A relative newcomer in the league, Clark spent one season in Phoenix, and two seasons with the Orlando Magic before being joining the Los Angeles Lakers as part of the Dwight Howard trade.

He has shown improvement since being drafted, posting career highs in games and minutes played, rebounds, assists and points per game while with the Lakers. He also started a career high 36 games for Los Angeles.

After some key injuries on the Laker roster, Clark was named a permanent starter, and Los Angeles coach Mike D'Antoni called his play "phenomenal."

Patrick Patterson

Year: 2010

College: Kentucky

Team: Houston Rockets

After being drafted by the Rockets, Patterson started his career in the D-League before being called up mid-season by Houston.

He was Houston's starting power forward and posted career highs in points, assists and rebounds per game during the 2012-13 season before being traded to the Sacremento Kings.

Marcus Morris

Year: 2011

College: Kansas

Team: Houston Rockets

Morris was selected 5 minutes after his brother Markieff Morris was selected by the Phoenix Suns.

Morris spent most of his first season splitting time between the Rockets and the D-League.
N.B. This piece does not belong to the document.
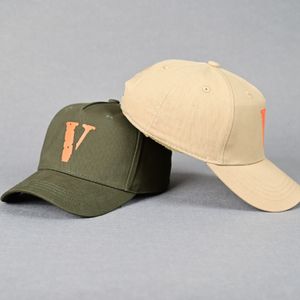 Sombrero de diseñador bordado serpiente para hombre marca de sombrero para hombre y para mujer gorra de béisbol Sport Men Strapback Hats Gorra de béisbol personalidad simple Cotton Letters trucker hat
During the 2012-13 season he was traded to the Suns, reuniting him with his twin brother.

He and his brother became the second pair of twins to appear in an NBA game at the same time, and later in the season they became the first pair of twins to start an NBA game together.

John Henson

Year: 2012

College: North Carolina

Team: Milwaukee Bucks

The Houston Rockets orginally held the 14 pick for what would have been the third season in a row before trading with the Bucks to move up two spots.

In Henson's lone NBA season he played 63 games starting nine, while averaging six points and 4.7 rebounds per game.